– Cristo…
– ¡No, Cristo no; Cristo no tiene nada que ver con esto! Pero, espera, me has dado una idea, idiota.
Mason se dirigió hacia Underwood, que seguía mirando la lluvia por la ventana.
– Es algo que hay que pensar -le dijo.
– Uh -dijo Underwood.
– Deja de pensar en tu polla, Cliff. Piensa en esto.
– ¿En qué?
– Cristo en patines. Tiene posibilidades ilimitadas.

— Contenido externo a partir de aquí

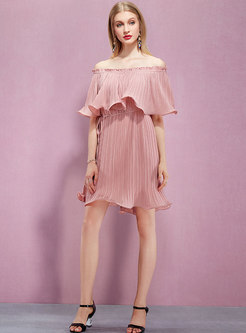 Pink Off Shoulder Falbala Mini A Line Dress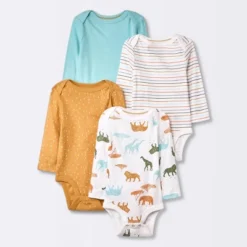 Baby 4pk Safari Animals Long Sleeve Bodysuit - Cloud Island™ -1st Step Store GUEST c9e61651 f9b0 4189 96ab faa1c05ab83b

– Sí. Sí. Podemos enfrentarle con el diablo.
– Eso es bueno. Sí, el diablo.
– Podemos incluso hacer algo con la Cruz.
– ¿La Cruz? No, ya hay bastante tomate.
Mason se volvió hacia Chonjacki. Chonjacki seguía allí. Se sorprendió de verle. Si se hubiera encontrado con un mono allí sentado, se hubiera sorprendido menos. Mason había visto muchas cosas. Pero no era un mono, era Chonjacki. Tenía que hablar con Chonjacki. Deber, deber… todo por el alquiler, un pedazo ocasional de culo y un entierro en el campo. Los perros tienen pulgas, los hombres tienen problemas.
– Chonjacki -dijo-, por favor, déjame que te explique algo. ¿Me escuchas? ¿Eres capaz de escuchar?
– Estoy escuchando.
– Esto es un negocio. Trabajamos cinco noches a la semana. Salimos en televisión. Alimentamos familias. Pagamos impuestos. Votamos. Compramos papeletas de los jodidos policías como cualquier otro. Sufrimos dolor de muelas, insomnio, enfermedades venéreas. Nos gusta celebrar las Navidades y el Año Nuevo como todo el mundo. ¿Entiendes?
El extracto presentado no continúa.